Novel Kinetic Solution-Based Separation Approaches for Small Molecule Drug Discovery
MetadataShow full item record
The modern pharmaceutical industry has achieved remarkable successes in medicinal chemistry. However, many diseases are incurable due to the difficulty of finding new drugs. De novo drug discovery contains two steps: the primary screening focuses on selecting protein (target) binding drug (ligand); the secondary screening concentrates on calculating kinetic binding parameters of target-ligand complex. Conventional methods for the primary screening are typically surface-based, which suffer intensely from nonspecific interactions; the existing methods for secondary screening are either affinity-based or require surface immobilization, both cannot accurately calculate kinetic binding parameters.

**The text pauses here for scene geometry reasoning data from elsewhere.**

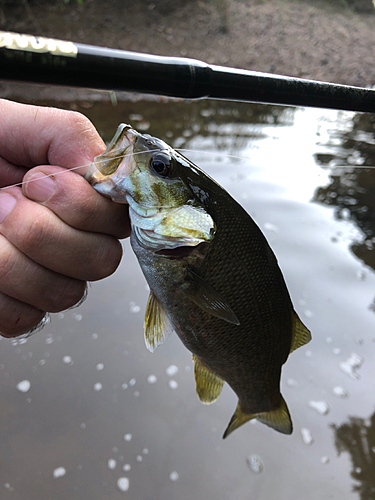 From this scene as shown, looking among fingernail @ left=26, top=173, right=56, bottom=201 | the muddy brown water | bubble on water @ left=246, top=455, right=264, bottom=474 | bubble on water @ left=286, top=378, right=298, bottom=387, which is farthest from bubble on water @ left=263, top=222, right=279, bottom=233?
fingernail @ left=26, top=173, right=56, bottom=201

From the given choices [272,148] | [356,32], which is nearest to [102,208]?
[272,148]

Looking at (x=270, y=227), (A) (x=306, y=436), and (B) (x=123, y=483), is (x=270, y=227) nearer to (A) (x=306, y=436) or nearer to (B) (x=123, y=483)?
(A) (x=306, y=436)

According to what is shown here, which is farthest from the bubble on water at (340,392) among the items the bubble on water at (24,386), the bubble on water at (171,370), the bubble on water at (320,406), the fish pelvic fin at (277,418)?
the bubble on water at (24,386)

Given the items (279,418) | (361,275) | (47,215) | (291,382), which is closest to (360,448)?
(291,382)

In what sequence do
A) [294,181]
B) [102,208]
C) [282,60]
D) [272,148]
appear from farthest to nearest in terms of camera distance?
1. [282,60]
2. [272,148]
3. [294,181]
4. [102,208]

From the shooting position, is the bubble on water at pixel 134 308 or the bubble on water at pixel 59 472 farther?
the bubble on water at pixel 134 308

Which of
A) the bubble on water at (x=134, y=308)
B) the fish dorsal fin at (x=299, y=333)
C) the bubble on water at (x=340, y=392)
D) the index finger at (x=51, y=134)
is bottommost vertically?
the bubble on water at (x=340, y=392)

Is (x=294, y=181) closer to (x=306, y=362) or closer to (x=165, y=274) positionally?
(x=306, y=362)

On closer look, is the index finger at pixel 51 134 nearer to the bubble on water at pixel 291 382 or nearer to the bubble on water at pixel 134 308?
the bubble on water at pixel 134 308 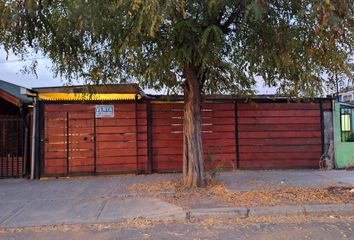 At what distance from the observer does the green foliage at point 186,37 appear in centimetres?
730

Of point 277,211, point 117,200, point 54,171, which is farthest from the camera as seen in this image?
point 54,171

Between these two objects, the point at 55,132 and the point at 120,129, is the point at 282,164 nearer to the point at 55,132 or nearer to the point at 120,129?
the point at 120,129

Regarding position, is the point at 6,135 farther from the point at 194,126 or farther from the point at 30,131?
the point at 194,126

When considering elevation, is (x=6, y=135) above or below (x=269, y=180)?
above

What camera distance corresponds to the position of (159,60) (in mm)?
8844

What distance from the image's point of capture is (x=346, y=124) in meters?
15.2

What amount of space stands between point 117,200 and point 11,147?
598cm

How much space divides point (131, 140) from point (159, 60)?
523 cm

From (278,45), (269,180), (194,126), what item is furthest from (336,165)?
(278,45)

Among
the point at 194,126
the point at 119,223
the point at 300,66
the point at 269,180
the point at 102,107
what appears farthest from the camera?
the point at 102,107

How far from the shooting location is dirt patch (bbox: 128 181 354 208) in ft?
29.3

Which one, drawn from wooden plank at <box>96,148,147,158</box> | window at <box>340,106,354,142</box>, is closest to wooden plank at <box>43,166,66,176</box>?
wooden plank at <box>96,148,147,158</box>

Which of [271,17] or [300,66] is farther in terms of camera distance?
[300,66]

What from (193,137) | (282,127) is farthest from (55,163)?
(282,127) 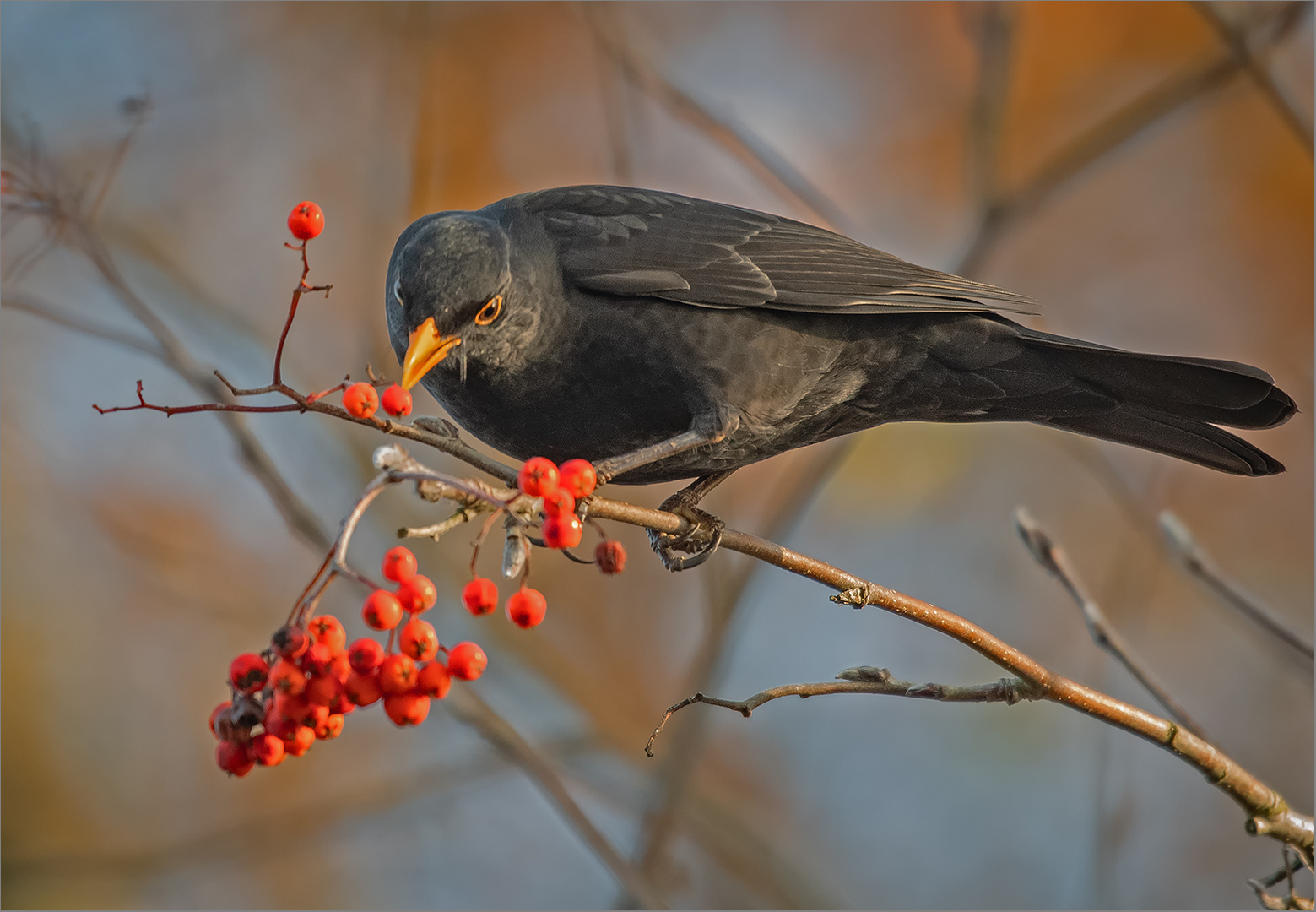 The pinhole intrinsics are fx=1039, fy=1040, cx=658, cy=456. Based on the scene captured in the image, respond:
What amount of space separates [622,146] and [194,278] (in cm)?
248

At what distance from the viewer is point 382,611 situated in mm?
1933

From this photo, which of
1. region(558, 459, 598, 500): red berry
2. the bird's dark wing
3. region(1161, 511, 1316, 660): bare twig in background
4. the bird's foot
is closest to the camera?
region(558, 459, 598, 500): red berry

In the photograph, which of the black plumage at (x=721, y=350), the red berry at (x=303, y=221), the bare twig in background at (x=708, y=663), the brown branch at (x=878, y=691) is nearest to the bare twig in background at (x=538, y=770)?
the bare twig in background at (x=708, y=663)

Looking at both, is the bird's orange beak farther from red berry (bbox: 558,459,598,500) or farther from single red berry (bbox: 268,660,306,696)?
single red berry (bbox: 268,660,306,696)

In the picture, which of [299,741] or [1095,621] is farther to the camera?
[1095,621]

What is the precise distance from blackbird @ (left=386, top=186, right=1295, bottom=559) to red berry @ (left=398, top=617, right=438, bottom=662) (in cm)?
91

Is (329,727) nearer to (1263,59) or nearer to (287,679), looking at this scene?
(287,679)

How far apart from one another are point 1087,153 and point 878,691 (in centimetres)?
313

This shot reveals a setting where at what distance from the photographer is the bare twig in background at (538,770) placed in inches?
136

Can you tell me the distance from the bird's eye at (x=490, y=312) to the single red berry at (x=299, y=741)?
1.38 metres

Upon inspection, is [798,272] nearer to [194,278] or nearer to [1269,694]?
[194,278]

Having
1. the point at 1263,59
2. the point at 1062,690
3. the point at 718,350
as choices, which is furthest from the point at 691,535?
the point at 1263,59

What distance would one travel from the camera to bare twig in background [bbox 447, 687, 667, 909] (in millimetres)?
3451

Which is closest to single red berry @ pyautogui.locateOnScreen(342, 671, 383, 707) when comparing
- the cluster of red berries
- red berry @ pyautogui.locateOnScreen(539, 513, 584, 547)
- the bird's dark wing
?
Result: the cluster of red berries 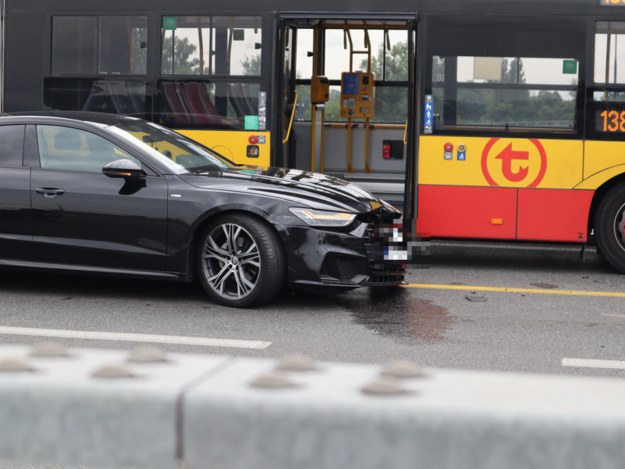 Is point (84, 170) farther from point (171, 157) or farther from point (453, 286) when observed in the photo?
point (453, 286)

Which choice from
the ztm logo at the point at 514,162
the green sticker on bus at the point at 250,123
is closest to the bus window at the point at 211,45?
the green sticker on bus at the point at 250,123

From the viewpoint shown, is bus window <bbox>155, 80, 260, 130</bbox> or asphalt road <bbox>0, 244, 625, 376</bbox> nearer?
asphalt road <bbox>0, 244, 625, 376</bbox>

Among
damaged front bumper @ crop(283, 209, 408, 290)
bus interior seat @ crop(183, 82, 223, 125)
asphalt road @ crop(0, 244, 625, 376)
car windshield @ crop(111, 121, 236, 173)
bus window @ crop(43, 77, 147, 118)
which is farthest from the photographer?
bus window @ crop(43, 77, 147, 118)

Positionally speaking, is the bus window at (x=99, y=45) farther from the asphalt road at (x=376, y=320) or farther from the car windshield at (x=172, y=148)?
the asphalt road at (x=376, y=320)

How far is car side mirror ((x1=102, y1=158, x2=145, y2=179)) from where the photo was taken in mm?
7562

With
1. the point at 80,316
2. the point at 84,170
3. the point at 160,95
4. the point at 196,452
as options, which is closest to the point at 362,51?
the point at 160,95

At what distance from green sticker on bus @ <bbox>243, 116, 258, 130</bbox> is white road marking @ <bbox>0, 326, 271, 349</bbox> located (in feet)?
13.0

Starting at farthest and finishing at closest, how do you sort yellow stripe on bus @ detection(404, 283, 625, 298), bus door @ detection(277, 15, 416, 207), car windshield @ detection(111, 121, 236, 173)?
bus door @ detection(277, 15, 416, 207), yellow stripe on bus @ detection(404, 283, 625, 298), car windshield @ detection(111, 121, 236, 173)

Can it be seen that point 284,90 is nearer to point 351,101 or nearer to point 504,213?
point 504,213

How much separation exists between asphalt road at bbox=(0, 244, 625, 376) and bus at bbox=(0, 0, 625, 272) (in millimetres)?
703

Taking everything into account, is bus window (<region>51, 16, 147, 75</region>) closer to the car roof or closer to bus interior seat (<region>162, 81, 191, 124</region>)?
bus interior seat (<region>162, 81, 191, 124</region>)

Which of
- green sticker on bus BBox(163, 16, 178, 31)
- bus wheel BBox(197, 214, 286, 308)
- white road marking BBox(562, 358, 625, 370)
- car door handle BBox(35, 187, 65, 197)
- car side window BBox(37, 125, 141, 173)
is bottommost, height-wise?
white road marking BBox(562, 358, 625, 370)

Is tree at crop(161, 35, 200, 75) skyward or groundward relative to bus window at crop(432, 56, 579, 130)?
skyward

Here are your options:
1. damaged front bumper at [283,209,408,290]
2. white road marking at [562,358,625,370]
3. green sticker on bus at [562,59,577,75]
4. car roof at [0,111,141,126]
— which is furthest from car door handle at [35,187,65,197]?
green sticker on bus at [562,59,577,75] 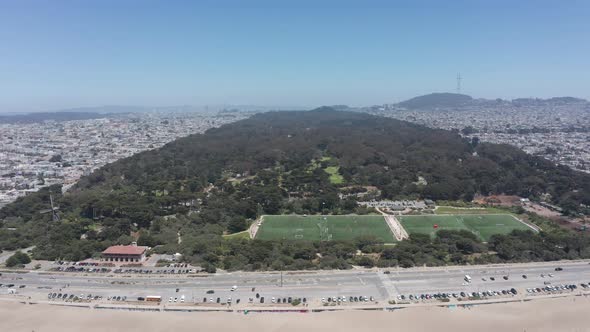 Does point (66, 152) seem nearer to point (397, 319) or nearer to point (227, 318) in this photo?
point (227, 318)

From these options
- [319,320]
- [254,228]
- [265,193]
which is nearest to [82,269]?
[254,228]

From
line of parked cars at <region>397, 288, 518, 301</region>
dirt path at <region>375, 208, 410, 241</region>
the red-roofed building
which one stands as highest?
the red-roofed building

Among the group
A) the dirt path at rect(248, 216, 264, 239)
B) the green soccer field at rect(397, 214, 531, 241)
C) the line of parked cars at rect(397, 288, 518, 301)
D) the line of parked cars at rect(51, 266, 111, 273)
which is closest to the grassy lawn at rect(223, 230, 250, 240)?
the dirt path at rect(248, 216, 264, 239)

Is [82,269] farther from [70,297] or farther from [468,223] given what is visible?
[468,223]

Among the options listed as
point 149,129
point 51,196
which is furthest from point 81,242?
point 149,129

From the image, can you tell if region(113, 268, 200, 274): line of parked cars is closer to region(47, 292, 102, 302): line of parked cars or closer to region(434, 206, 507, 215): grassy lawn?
region(47, 292, 102, 302): line of parked cars

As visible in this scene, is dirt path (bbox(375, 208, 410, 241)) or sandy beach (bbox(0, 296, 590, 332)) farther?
dirt path (bbox(375, 208, 410, 241)) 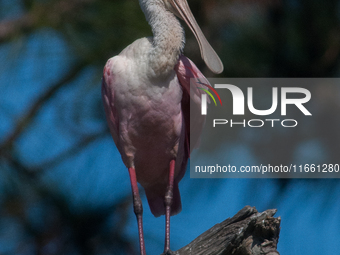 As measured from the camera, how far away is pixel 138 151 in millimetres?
2236

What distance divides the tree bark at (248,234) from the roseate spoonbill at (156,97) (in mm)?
397

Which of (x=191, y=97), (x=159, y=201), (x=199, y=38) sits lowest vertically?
(x=159, y=201)

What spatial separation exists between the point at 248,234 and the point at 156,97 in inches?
26.2

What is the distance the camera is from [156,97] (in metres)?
2.11

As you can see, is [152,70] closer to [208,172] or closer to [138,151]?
[138,151]

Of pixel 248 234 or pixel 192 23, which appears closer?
pixel 248 234

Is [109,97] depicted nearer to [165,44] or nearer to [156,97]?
[156,97]

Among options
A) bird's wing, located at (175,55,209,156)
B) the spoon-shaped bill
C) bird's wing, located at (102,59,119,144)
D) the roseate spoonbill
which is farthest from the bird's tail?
the spoon-shaped bill

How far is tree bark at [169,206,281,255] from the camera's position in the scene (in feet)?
5.42

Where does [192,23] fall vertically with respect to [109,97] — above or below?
above

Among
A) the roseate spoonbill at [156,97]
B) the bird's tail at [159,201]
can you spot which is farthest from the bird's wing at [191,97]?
the bird's tail at [159,201]

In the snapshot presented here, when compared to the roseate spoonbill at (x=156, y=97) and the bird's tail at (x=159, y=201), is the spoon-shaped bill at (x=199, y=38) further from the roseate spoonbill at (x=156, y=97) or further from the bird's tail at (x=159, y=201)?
the bird's tail at (x=159, y=201)

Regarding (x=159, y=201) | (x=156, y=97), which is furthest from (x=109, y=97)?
(x=159, y=201)

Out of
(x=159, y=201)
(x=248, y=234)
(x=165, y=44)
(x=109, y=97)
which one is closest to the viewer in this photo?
(x=248, y=234)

Hence, this research focuses on the development of the solution-based kinetic platform that facilitates both primary and secondary screenings. We combined kinetic capillary electrophoresis (KCE) with DNA-encoded ligand (DEL) technology to build a solution-based platform for primary screening of ligands. KCE offers high partitioning efficiency but requires the knowledge of electrophoretic mobility of target-ligand complex, and thus, we developed a mathematical model to predict electrophoretic mobility of target-DEL complex. This model was tested by using the targets interacted with 18 artificial DELs that contain various combinations of dsDNA and ssDNA regions, together with 2 DELs manufactured by GlaxoSmithKline. The results confirmed the precision, accuracy, and ruggedness of our model. This model will facilitate the reliable use of KCE-DEL based primary screening. Next, we developed a kinetic size-exclusion chromatography-mass spectrometry (KSEC-MS) as the label-free solution-based platform for calculating kinetic binding parameters of target-ligand interactions in secondary screening. KSEC-MS employs size-exclusion chromatography to separate small molecule ligand from protein target-ligand complex without immobilization and mass spectrometry to detect small molecule without a label. The rate constants of complex formation and dissociation are calculated from the temporal ligand concentration profile. Methods of KSEC-MS have been developed by using 2 proteins with the corresponding drugs. The resulted kinetic and affinity binding parameters were validated, which confirmed the precision and accuracy of KSEC-MS. We foresee that the KSEC-MS will become a universal approach for the kinetic analysis of target-ligand interactions in secondary screening.